Yellow-tufted Woodpecker
Russet-backed Oropendola
Olive-sided Flycatcher
Malachite (Siproeta stelenes)
nice from above too
Rusty-tipped Page (Siproeta epaphus)
Erotia Sister (Adelpha erotia)
 


Charanzi with football pitch taking centre stage
Rufous-webbed Bush Tyrant habitat
Buff-breasted Earthcreeper


responded well to tape, this one had aspirations to be a roadrunner
on the Altiplano


roadside stop
our leader
Giant Coot
Andean Flicker




Puna Canastero


Yellow-billed Teal
working the fields looked very hard
Altiplano village
another Andean Flicker
Lake Titicaca




view from our hotel patio


3 December. It was Election day and no vehicles were allowed on the roads between towns without a permit. Fortunately we had ours and Duncan and I left with Barry and Richard in two vehicles to drive to El Alto. We were on the same flight to Cuzco but Barry was adamant it left at 09:40 whereas our tickets said 10:40. It was prudent to assume the former. We were up at 05:00 had breakfast and departed at 05:30 soon after dawn. The others did likewise for their trip to Sorata but Mike was still feeling very bad and didn’t go and so missed the canastero which they found quite easily. With no traffic on the road a journey that could have taken 90 minutes took us 50. We arrived just before 06:30 and I was not surprised to find our flight was at 10:40 (Barry was apparently still on Peruvian time which was an hour behind). It would have been nice to have that hour birding around the lake but it is unlikely we would have seen anything we hadn’t already. Our flight was more or less on time. We said goodbye to Barry and Richard in Cuzco where Duncan and I had a six hour wait. We wandered around the airport and ventured into the car park sitting on some steps for a while, some distant flyover Andean Gulls the only notebook entry. We then flew to Bogota where another three hour wait before flying to London where Duncan and I parted and after a short wait I caught a bus home.
over El Alto
leaving Bolivia, Titicaca and the Peruvian border in the far distance
approaching Cuzco


leaving Cuzco
It had been an enjoyable trip with a good bunch of people although both Jon and Rod were sorely missed, at least by those of us who had travelled with them regularly.
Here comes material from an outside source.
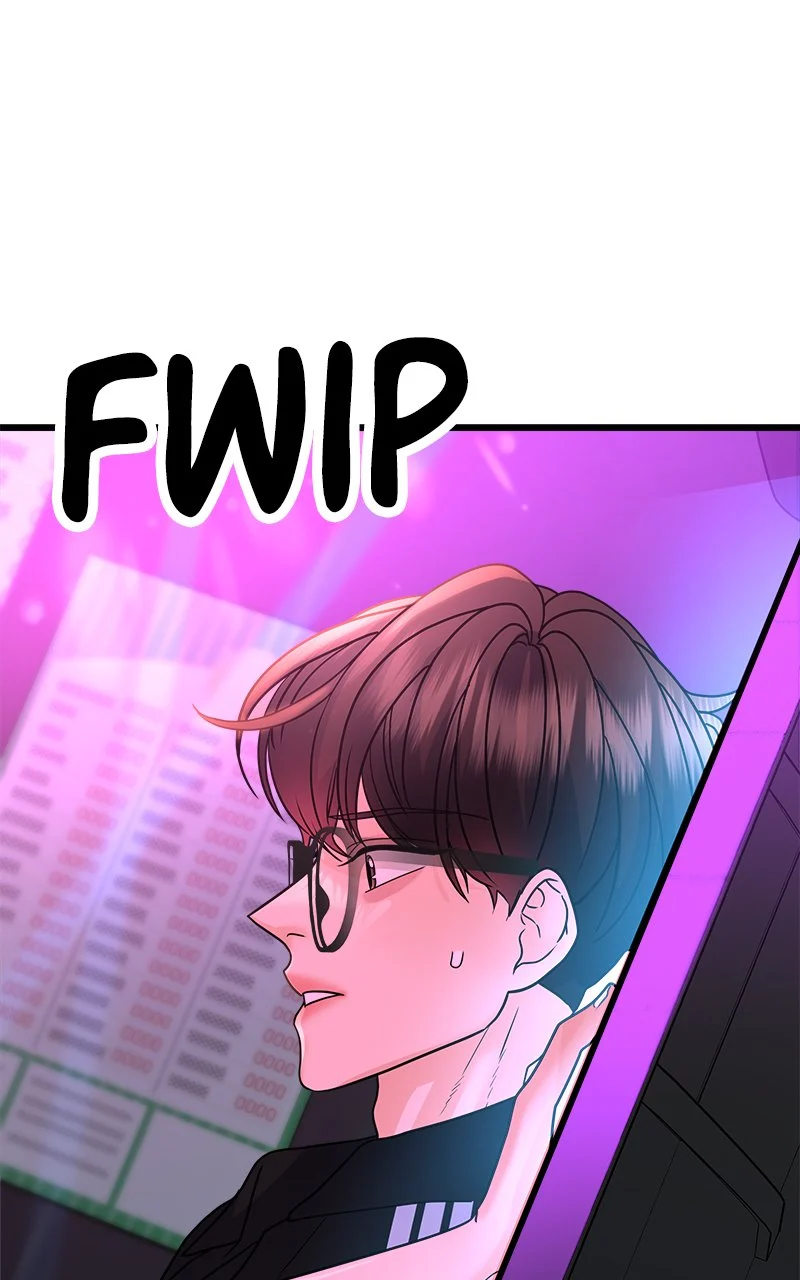 Random Target Chapter 27 - Page 146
I was glad I had gone, having had some initial misgivings most of which proved groundless or in the event didn’t materialise. Bolivia was a great if somewhat tiring country to travel around with excellent birds, some spectacular scenery and friendly people and I'd wholeheartedly recommend it. That said our trip could have been a lot more successful and with birding that is often what a trip is measured by. One expected Jon’s targets to take priority but compromises seemed much greater this time. The size of the group was less of an issue than at one stage when 11 were coming and most of the time the group was manageable although having a bus took longer to travel to and between sites. A smaller group in two 4WDs would have been better although communication between them might have been an issue. It seemed it was within the bus, the first Mike and I knew of 2 Chestnut-crested Cotingas (one of our top priority birds) being seen from it was when we read the trip report the following month. Why did we not stop? The main compromise on the trip was probably its timing - to be at Apolo on 1 December which ironically turned out to be too early anyway. Going late in the season as we did had caused Nick to drop out while Marc had to leave early to be back by the start of December. I also had early December work commitments and would have had to leave early had I not been close enough to the end of my career to insist. I would not recommend November as we were in Bolivia at the start of the wet season - the bad weather we encountered in the cloud forest rather confirmed this - when a lot of birds had established territories and were too busy breeding to react to playback. It was a high a price to pay to look for an undescribed species that didn’t feature too near the top of most of our priority lists. Even higher when we were probably the first birders to go and not see it! The timing might not have been so serious had we been guided by someone that knew all the sites or at least had researched them thoroughly beforehand rather than relying on what often seemed like a quick look at ebird the night before. Jon had apparently turned down Barry’s most experienced guide as being too expensive. That seemed like a false economy to most of us, pleasant as Richard was …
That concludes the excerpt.